The assembly layer and tests that construct `TlsIdentity::RawKey` must
update.
- **`ed25519-dalek` becomes a direct dependency** of alknet-core. It's
already in the dependency tree (transitive via iroh), so no new
compilation cost for `iroh` builds. Quinn-only builds that were not
using `RawKey` before will now compile `ed25519-dalek` — it's a small,
pure-Rust crate with no C dependencies.
- **`rustls-acme` is feature-gated** (`acme` feature). Nodes not using
ACME don't compile it. The feature is compatible with `quinn` (ACME
is quinn-only; iroh uses its own TLS).
- **`build_rustls_server_config` becomes async** (or is replaced by an
async `TlsSetup::new`). The accept loop already runs in an async
context, so this is a local change.
- **ACME state machine lifecycle**: the `AcmeState` task is spawned in
`AlknetEndpoint::new()` and aborted on shutdown. The `TlsSetup` struct
carries the `JoinHandle` so `AlknetEndpoint::shutdown()` can abort it.
- **No handler needed for `acme-tls/1`**: the `dispatch_quinn` guard
handles it. `HandlerRegistry` is not involved.
## Alternatives Considered
### A. ACME as a `ResolvesServerCert` wrapper behind `X509`
OQ-12 suggested ACME "fits naturally as an additional `TlsIdentity`
variant or as a `rustls::ResolvesServerCert` implementation behind the
existing `X509` path." The second option — wrapping `X509` — was
rejected because ACME needs async state + config fields (domains, cache,
contact) that don't fit behind the static `X509 { cert, key }` variant.
A `ResolvesServerCert` that internally does ACME would need to be
constructed at config time with those fields, which means `X509` would
need to carry them — bloating the variant for non-ACME users. A
dedicated `Acme` variant is cleaner.
### B. Keep `RawKey` coupled to iroh, only add ACME
Rejected because the coupling is the root cause of quinn-only builds not
supporting the "default" identity mode. Fixing only ACME would leave the
artificial iroh dependency in place. Since both changes touch
`TlsIdentity` and `build_rustls_server_config`, doing them together
avoids two breaking changes to the same enum.

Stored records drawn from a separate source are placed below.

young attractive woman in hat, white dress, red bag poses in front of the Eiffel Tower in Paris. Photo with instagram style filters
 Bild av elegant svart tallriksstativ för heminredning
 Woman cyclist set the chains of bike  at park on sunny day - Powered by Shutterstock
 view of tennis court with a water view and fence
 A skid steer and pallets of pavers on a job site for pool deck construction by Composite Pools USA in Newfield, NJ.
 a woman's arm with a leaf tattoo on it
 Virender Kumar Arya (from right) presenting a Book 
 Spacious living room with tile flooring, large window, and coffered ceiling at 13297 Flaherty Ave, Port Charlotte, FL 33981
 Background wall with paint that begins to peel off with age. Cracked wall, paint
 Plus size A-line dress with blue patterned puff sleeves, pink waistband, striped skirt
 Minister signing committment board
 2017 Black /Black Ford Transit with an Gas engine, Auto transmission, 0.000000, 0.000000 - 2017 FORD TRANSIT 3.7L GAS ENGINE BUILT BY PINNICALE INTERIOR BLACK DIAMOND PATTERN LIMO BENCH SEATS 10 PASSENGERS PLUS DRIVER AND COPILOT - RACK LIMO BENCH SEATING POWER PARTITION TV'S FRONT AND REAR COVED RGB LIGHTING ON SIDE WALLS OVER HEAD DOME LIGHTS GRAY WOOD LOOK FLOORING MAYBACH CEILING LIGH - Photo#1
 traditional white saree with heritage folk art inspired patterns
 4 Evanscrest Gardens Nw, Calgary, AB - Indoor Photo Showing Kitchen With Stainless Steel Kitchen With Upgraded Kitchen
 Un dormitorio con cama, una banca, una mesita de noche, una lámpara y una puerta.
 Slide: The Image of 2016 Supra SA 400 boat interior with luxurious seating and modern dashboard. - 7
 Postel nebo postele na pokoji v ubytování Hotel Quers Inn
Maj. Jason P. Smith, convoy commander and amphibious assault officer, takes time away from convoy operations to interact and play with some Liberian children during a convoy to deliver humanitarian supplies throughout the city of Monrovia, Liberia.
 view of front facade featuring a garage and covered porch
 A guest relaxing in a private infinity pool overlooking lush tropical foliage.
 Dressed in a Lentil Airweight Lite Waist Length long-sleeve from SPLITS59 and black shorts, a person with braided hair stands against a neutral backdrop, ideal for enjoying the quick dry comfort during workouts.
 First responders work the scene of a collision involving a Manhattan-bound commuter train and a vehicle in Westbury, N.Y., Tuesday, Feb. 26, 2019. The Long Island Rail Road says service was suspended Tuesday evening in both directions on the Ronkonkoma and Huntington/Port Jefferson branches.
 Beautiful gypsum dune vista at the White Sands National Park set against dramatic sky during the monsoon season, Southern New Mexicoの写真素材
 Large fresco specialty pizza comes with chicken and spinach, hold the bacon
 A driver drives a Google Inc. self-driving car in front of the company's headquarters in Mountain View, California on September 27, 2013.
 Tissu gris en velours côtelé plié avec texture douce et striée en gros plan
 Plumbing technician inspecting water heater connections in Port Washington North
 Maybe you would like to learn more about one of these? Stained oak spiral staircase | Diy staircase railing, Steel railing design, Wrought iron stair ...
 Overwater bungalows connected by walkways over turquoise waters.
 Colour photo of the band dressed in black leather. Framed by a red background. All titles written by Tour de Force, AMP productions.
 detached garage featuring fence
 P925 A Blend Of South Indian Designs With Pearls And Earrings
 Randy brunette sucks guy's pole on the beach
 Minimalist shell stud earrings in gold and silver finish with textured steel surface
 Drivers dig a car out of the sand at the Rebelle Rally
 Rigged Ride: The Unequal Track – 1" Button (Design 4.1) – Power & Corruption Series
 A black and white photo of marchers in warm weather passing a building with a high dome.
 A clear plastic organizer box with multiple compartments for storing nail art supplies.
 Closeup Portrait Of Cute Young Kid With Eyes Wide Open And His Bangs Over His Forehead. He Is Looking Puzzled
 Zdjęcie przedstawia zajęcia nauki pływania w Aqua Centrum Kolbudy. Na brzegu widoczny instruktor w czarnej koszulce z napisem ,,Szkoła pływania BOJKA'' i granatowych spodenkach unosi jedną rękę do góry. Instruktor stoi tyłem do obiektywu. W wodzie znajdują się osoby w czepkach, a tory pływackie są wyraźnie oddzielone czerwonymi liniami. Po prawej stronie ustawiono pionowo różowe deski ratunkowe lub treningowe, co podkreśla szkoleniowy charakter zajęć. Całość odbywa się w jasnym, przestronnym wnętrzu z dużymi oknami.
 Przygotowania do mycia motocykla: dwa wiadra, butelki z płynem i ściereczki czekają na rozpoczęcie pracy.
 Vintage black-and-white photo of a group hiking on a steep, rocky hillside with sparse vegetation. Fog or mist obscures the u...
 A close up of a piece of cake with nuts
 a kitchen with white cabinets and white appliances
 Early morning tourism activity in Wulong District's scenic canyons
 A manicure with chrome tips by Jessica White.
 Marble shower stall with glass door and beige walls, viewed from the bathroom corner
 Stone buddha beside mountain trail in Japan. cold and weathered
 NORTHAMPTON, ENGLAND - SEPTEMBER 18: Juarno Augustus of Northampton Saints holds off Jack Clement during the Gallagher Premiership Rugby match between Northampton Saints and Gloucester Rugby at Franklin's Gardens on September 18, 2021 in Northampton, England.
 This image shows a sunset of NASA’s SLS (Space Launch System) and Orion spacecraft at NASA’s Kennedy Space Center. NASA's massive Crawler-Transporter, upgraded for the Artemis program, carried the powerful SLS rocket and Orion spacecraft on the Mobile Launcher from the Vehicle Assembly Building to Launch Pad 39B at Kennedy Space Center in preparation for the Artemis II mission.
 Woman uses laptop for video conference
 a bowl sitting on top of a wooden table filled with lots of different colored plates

### C. Use `iroh::SecretKey` for both, re-export from alknet-core
Rejected because it would make `iroh` a non-optional dependency of
alknet-core, defeating the feature-gated transport design (ADR-010).
`ed25519-dalek` is a lightweight, pure-Rust crate; `iroh` is not.
### D. Register a no-op `ProtocolHandler` for `acme-tls/1`
Rejected because it would require the handler registry to know about
ACME (a TLS-layer concern), polluting the ALPN dispatch abstraction.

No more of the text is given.